T. Öz’ün en eski müzecilerden biri olarak, Türk müzeciliğinin geçmişine dair de yazılan olmuştur. Bunların içinde en önemlisi, Türk Arkeologya ve Etnografya Dergisi’nde çıkan Ahmet Fethi Paşa ve Müzeler adlı olanıdır. Bunda yazar, Türk müzeciliğinin başlangıçları hakkında, kaynaklara dayanan ilgi çekici bilgiler vermek suretiyle Türk müzecilik tarihine katkıda bulunmaktadır.

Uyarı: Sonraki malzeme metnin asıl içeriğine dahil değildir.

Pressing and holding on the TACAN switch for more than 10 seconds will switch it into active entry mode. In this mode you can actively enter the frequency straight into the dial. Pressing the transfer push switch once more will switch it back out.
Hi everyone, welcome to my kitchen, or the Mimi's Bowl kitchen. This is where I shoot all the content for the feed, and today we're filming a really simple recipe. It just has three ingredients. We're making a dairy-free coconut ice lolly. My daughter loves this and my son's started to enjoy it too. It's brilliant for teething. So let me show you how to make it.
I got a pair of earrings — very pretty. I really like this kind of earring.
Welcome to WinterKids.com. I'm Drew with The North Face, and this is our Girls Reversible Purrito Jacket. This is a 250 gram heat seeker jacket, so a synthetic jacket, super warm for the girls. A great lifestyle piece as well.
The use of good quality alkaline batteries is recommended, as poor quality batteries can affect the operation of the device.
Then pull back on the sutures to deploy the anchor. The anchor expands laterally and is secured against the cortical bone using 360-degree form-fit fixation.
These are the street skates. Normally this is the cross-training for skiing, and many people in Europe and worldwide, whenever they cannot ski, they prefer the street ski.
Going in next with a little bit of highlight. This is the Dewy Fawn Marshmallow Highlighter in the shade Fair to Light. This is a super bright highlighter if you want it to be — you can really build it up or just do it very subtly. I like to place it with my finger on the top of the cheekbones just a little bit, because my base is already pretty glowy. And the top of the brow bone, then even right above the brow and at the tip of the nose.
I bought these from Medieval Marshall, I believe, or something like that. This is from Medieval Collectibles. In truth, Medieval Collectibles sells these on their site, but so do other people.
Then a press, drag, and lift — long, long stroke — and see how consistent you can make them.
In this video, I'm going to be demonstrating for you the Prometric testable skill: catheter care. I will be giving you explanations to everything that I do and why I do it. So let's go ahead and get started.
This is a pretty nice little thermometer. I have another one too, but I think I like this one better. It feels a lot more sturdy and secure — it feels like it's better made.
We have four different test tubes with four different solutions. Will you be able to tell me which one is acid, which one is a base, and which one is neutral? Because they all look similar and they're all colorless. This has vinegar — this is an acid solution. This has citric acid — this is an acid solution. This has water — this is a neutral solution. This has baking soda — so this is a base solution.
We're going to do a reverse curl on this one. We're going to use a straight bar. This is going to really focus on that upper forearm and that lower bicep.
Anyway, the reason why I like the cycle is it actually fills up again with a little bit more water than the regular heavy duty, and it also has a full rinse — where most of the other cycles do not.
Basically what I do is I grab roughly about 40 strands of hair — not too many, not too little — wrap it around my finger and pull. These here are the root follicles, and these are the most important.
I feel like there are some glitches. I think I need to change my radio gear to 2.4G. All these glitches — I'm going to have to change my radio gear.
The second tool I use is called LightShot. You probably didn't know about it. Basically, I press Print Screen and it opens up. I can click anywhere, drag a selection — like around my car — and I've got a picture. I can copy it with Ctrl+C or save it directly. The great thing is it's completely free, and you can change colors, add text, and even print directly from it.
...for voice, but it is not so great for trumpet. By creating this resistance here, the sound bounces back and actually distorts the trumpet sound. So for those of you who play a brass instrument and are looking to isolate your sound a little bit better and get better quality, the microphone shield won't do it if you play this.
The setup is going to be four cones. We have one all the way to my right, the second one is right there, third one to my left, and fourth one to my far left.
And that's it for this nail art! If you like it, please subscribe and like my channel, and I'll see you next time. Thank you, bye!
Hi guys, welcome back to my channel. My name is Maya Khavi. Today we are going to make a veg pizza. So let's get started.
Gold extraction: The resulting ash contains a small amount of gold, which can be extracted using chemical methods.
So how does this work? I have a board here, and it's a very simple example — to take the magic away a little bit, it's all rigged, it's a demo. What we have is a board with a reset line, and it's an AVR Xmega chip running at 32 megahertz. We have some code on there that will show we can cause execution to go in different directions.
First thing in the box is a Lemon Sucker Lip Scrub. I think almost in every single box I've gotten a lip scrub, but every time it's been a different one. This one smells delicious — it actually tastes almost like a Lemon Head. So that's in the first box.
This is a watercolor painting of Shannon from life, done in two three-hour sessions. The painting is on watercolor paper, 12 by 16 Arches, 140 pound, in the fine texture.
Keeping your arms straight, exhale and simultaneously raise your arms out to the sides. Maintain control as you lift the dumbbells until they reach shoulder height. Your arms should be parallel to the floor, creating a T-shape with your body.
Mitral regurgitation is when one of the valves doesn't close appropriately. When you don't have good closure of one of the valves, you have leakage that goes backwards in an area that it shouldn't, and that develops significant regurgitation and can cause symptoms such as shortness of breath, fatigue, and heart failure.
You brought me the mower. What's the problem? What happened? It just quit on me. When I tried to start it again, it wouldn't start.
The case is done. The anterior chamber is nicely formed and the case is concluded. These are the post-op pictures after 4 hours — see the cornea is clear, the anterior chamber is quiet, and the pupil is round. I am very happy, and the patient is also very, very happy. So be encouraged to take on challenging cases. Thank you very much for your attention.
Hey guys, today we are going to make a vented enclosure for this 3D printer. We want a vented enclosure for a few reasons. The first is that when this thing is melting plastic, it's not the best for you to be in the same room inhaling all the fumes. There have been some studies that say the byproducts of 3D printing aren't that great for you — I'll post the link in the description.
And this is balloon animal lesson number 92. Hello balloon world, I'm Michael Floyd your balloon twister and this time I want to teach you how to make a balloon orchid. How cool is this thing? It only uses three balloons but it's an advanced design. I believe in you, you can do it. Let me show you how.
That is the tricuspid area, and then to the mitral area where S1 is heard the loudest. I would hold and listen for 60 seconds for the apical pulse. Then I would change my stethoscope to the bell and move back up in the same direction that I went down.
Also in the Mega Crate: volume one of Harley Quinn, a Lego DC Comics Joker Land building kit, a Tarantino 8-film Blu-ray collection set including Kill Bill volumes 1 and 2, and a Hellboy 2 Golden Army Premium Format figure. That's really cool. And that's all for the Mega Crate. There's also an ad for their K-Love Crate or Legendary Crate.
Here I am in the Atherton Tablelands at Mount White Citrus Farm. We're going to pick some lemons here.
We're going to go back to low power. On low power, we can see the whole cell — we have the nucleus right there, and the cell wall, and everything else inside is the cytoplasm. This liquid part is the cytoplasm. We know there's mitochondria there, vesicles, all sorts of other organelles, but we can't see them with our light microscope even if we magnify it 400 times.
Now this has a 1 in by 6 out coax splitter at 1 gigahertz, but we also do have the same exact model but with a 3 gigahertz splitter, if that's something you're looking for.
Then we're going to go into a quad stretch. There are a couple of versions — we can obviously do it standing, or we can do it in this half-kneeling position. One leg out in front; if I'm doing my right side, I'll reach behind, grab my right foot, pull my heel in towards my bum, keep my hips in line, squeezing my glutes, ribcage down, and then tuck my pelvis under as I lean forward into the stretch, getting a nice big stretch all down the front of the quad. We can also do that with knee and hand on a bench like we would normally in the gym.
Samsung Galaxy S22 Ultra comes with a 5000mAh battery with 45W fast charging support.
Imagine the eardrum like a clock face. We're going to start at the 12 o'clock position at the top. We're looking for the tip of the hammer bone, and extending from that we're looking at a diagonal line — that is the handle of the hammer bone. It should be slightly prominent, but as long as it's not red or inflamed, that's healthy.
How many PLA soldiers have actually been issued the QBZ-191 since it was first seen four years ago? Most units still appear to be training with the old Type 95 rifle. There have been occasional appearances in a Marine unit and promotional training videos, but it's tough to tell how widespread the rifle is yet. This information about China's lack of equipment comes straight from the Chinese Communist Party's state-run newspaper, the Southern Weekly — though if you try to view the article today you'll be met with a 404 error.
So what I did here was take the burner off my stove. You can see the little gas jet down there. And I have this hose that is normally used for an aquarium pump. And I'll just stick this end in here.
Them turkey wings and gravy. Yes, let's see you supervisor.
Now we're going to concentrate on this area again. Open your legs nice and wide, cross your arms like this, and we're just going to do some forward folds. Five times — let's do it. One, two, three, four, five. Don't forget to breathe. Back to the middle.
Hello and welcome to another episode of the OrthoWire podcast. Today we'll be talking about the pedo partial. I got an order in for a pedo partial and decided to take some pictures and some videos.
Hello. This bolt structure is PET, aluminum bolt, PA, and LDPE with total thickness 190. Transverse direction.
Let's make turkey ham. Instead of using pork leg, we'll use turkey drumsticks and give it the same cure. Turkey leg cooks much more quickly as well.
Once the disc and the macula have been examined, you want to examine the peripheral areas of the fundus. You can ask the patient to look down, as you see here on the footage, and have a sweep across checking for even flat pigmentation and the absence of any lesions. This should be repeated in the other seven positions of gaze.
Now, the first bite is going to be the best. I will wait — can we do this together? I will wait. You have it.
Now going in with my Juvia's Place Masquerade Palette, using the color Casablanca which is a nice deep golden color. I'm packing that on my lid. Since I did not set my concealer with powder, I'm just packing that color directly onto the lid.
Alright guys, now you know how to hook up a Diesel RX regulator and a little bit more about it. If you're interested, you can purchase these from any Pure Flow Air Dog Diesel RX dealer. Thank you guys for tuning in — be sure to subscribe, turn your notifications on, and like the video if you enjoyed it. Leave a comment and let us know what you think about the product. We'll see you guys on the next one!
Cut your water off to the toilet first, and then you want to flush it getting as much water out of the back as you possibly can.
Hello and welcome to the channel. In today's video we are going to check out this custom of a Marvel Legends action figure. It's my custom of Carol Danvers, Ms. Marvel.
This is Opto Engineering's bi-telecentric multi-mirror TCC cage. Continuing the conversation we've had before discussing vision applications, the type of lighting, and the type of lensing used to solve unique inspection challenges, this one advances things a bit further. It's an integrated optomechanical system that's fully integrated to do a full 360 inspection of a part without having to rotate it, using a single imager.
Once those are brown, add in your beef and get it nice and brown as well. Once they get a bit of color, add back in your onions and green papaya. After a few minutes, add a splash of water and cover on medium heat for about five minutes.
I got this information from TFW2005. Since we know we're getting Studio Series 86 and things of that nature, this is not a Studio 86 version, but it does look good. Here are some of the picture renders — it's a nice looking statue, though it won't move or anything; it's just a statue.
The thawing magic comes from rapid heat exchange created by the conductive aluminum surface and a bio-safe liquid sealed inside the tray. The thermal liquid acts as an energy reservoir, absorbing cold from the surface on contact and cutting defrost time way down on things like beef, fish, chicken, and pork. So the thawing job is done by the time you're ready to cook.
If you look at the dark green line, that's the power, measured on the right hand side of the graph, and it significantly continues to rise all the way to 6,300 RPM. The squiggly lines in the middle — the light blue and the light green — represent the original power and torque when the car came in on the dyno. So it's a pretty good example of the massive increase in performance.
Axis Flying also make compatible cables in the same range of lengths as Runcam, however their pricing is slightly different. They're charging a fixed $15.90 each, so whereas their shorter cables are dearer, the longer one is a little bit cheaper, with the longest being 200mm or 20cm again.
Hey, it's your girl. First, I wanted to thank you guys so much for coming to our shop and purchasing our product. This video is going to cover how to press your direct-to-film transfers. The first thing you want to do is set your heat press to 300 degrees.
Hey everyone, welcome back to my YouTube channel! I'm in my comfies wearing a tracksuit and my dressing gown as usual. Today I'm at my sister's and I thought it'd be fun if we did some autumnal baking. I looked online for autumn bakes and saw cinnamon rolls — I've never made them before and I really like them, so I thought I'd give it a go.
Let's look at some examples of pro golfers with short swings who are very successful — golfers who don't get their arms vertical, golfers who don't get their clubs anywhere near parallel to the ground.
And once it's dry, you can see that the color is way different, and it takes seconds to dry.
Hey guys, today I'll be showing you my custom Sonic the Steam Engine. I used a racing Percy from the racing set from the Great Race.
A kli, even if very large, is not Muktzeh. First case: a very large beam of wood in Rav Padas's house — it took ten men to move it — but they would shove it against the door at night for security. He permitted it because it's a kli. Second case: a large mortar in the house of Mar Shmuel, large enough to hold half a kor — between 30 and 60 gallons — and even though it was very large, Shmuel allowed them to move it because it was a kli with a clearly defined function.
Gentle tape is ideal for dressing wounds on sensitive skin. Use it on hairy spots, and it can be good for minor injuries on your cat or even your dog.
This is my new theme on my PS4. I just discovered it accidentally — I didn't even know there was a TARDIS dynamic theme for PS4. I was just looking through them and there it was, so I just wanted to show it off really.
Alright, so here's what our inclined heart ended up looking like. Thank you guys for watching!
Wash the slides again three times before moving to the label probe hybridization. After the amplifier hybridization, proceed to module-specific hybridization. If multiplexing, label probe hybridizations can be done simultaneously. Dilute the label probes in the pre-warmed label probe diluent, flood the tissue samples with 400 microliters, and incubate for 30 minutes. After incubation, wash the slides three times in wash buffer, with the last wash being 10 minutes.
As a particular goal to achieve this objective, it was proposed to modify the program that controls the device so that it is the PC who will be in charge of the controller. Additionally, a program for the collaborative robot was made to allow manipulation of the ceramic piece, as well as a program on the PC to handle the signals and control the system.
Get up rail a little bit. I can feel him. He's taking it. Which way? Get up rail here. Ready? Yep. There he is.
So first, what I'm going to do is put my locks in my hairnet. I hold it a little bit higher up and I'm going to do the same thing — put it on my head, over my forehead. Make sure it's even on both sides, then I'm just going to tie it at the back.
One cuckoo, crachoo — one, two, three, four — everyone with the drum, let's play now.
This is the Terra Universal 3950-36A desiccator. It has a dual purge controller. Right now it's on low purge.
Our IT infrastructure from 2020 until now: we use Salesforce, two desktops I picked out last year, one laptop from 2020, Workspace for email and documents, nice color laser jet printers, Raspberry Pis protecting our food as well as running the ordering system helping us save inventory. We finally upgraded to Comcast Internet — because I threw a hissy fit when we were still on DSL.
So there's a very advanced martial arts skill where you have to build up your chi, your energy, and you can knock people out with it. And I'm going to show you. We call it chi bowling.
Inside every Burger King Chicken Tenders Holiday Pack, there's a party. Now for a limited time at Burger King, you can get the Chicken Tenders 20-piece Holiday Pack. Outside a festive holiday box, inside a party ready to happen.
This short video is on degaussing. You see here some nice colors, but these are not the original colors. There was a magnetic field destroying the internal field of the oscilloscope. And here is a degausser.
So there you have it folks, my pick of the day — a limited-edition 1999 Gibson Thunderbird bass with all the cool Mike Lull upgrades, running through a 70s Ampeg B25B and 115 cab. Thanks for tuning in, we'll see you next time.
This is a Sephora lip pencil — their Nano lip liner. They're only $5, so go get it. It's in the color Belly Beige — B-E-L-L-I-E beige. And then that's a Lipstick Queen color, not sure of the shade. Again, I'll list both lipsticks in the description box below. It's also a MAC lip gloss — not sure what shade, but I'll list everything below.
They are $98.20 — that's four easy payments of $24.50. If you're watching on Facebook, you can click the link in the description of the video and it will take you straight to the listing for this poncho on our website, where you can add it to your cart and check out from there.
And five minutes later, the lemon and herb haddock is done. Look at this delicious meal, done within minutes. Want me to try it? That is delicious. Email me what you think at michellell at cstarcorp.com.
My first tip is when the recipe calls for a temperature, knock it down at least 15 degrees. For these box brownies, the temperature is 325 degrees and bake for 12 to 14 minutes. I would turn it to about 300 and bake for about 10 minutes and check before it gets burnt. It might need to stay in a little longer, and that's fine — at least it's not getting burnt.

Türk müzecilik tarihinde önemli bir yeri olan bu idare hizmetine gençliğinden emekliliğine kadar bütün bir ömrü veren T. Öz, pek çok hatıralara sahipti. Bunlardan Atatürk ile ilgili olanlarını Belleten’deki bazı yazılarında yayınlamıştı[35]. Esas hatıralarına dair notlarını temize çekilip yayına hazırlanmak üzere İstanbul Üniversitesi Tıp Fakültesi, Tıp Tarihi Kürsüsü Başkanı Prof. Dr. Bedi Şehsuvaroğlu’na vermişti. Türk müzecilik tarihi bakımından değeri çok büyük olan bu hatıraların yayınlanması şüphe yok ki hatıra sahibinin ruhunu şâd edeceği gibi, kültür tarihimize de büyük bir hizmet olacaktır.
***
T. Öz, yetişmesi bakımından bir müzeci ve sanat tarihçisi değildi. Osmanlı İmparatorluğunun son yıllarında yetişmiş Türk idarecilerinin sonuncularındandı. Bu bakımdan onda İmparatorluk idarecilerinin çoğunda raslanan bazı idareci meziyetleri bulunuyordu. Yıllarca Topkapı Sarayı müzesi gibi çok önemli bir tarih ve sanat merkezini otorite ve anlayış ile yürütmüş[36], bir taraftan da bakılması ve yaşatılması gerçekten çok zor olan bu büyük kompleksi kurtarmak yolunda gayretler harcamıştır. T. Öz’ün herşeyden önce, Topkapı Sarayı ile İstanbul türbelerinin kurtulmasına çok büyük himmeti geçmiş bir idareci olarak, Türk Tarihi ve sanatının ona minnettarlığı sonsuzdur. Eserlerine gelince, bunların düzen ve yazılışlarında yazarın bu sahanın içinden yetişmediği için usul eksikliği ve aksamalar bulunuyordu. Fakat bilhassa Türk iç süsleme sanatları ve küçük sanatlarına gösterdiği büyük ilgi, büyük sanat dallarının dışında kaldığından ihmale uğrayan bu dalların tanınmasında çok büyük bir hizmet olmuştur. T. Öz otoriter, hatta bazen sert bir idareci olmakla beraber mücadeleci bir sanatseverdi[37]. Yıllarca Gayrimenkul Eski Eserler ve Anıtlar Yüksek Kurul’unda bu mücadelesini sürdürdüğüne, aynı Kurulun 1958’den itibaren üyesi olan bu satırların yazan da şahit olmuştur. Her şeyin üstünde sevgi ve saygı duyduğu Türk sanatının ve onun irili ufaklı her çeşit eserinin yaşatılmasının tek gayesi olduğu davranışlarında, konuşmalarında ve sayıları yüzleri bulan dergi ve gazetelerdeki yazılarında açıkça belli oluyordu. Bilhassa bu sonuncularla geniş okuyucu kitlesine eski eserleri tanıtmaya, onlan sevdirip onlara karşı saygı duymaya alıştırmağa çabalamıştı. Türk sanat tarihine hizmetleri inkâr edilemeyecek olan Tahsin öz, bu dünyadan ayrıldı fakat adını hatıralarda tutacak şeyler bıraktı. Allah’ın Rahmeti üzerine olsun.